I am confident that you have heard the phrase “flatten the curve” when it comes to Covid-19 numbers. If you haven’t, read this article.
The point is that there is only so much hospital capacity that each city/country has and if we too many people want to use it at the same time, it won’t be possible. Hospitals and pretty much all emergency services are designed to cater to a small percentage of the population at the same time with a little bit of expansion possible during short term emergencies.
If a hospital can cater to 100 patients at once, it might be able to find a way to accommodate 110 through short term measures but it will not be able to manage 400 patients irrespective of what it does.
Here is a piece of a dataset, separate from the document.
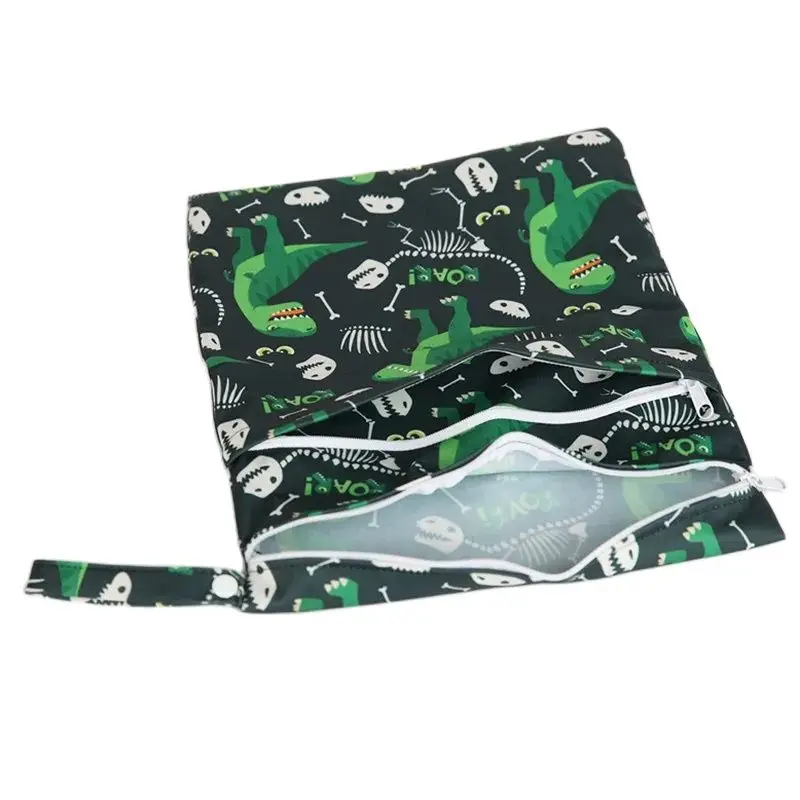 [Sigzagor]Wet Dry Bag With Two Zippered Baby Diaper Bag Nappy Bag Waterproof Reusable Washable thumbnail 2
Hence if we had to choose between too many people getting sick for a short period of time vs more people getting sick over a longer period of time, we would choose the latter just because we would be able to provide better care for a higher percentage of patients that way.
The other option is to raise the capacity of our hospitals exponentially almost immediately which is not possible. Hence flatten the curve is more important than raising the bar in the short term. This was one of the reasons for the lockdowns and the subsequent phased opening up of the country during Covid-19.
The thing is, flatter the curve works in the short term but over a longer period of time, the aim of each system should be to raise the bar. When we think about hospital capacity, raising the bar would mean:
Increasing the number of beds in our current hospitals
Increasing the number of hospitals
Taking steps to increase average health of each citizen so that fewer people need hospitals
These would ensure that we are able to deal with pandemics and emergencies a lot better. It is simply increasing supply and reducing demand at the same time to create capacity in the system.
The first two points are important but they can only be executed incrementally and are also really capital intensive. The third point however is something that requires continuous focus rather than just one time action.
We have all heard prevention is better than cure. Vaccines are one way we put that phrase into practice. I believe that the government can do this with other major diseases that send people to hospitals.
Assuming that the major causes of death would give us an idea on what to focus on to decrease ‘demand’ for hospitals. To clarify, this is to say increase the number of people who don’t need to use the hospital because they are healthy.
Is the situation in India very different? Not really.
As you can see from the two images above, some of the biggest reasons for death in the country are heart diseases, diabetes, tuberculosis, road injuries, and self harm.
All of them have clear and scientifically proven ways to prevent them or reduce the chances of them occurring. We have a vaccine for tuberculosis and to an extent a cure for it. We know that heart disease and diabetes can be dramatically controlled/managed with better eating habits, exercise, and stress management. We know how to reduce road injuries. We know what is needed to reduce the number of people who resort to self harm.
Imagine a time when no one or an extremely small number of people who have these diseases or victims of these circumstances, show up at the hospital. It would open up the resources at hospitals to better focus on emergencies or deal with pandemics or care for people who suffer from diseases that don’t currently have cures.
What are steps that local/state/national governments can take to make this possible?
Increase access to early and/or affordable primary health care
Increase the number of public parks in and around residential spaces and encourage people to take care of their health
Improve the quality of food and air that’s accessible to each and every citizen
Build system of support for people who might be likely to resort to self harm or are people who want had resorted to self harm in the past
Build better roads and manage traffic better so as to ensure reduction in road injuries
The government doesn’t need to do this alone. They should involve citizens and citizen run organizations to do this together. It could turn out to be the best use of our time and resources.
State capacity is always in short supply in our country. Some would argue that it is growing at the best speed it can. Steps like these would reduce the pressure on it to have to grow incredibly fast and actually grow at a sustainable pace.
When we talk about raising the bar, it is not just in reference to state capacity. It is also in reference to what the state should aspire to do.